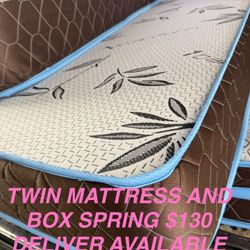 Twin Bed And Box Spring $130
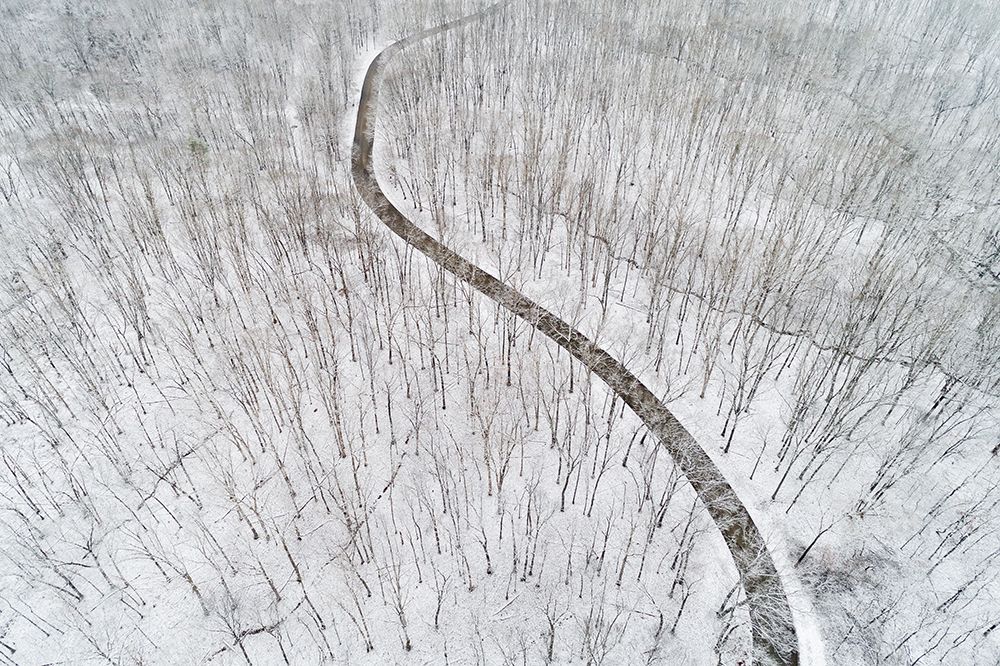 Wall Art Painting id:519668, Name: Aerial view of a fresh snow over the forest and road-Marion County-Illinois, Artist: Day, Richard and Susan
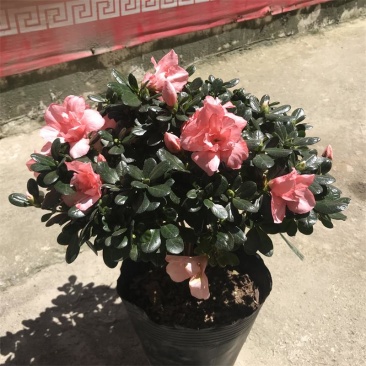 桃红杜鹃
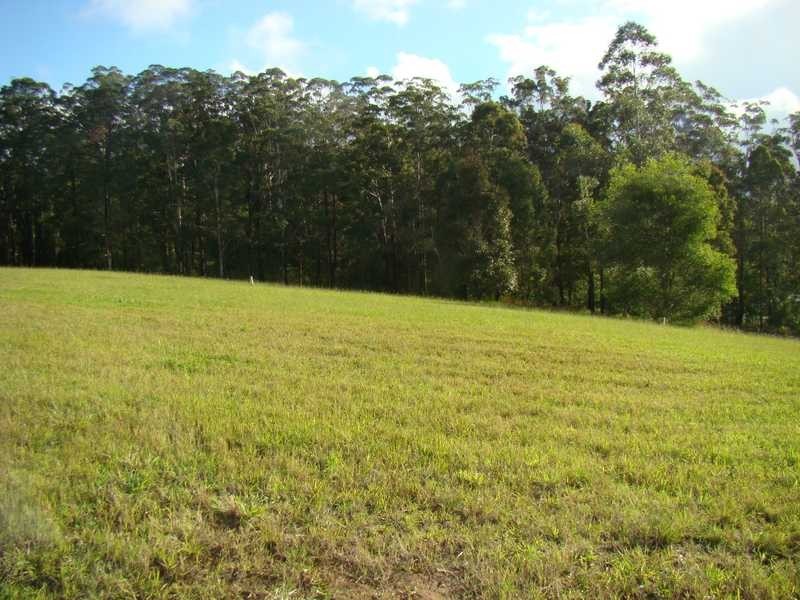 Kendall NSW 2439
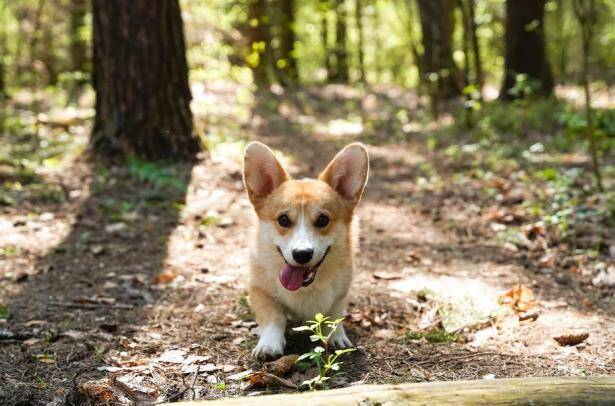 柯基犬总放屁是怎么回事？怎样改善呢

▶ [Requirement] Write the data out again exactly, but without its images.

▶ [Answer section]
 Twin Bed And Box Spring $130
 Wall Art Painting id:519668, Name: Aerial view of a fresh snow over the forest and road-Marion County-Illinois, Artist: Day, Richard and Susan
 桃红杜鹃
 Kendall NSW 2439
 柯基犬总放屁是怎么回事？怎样改善呢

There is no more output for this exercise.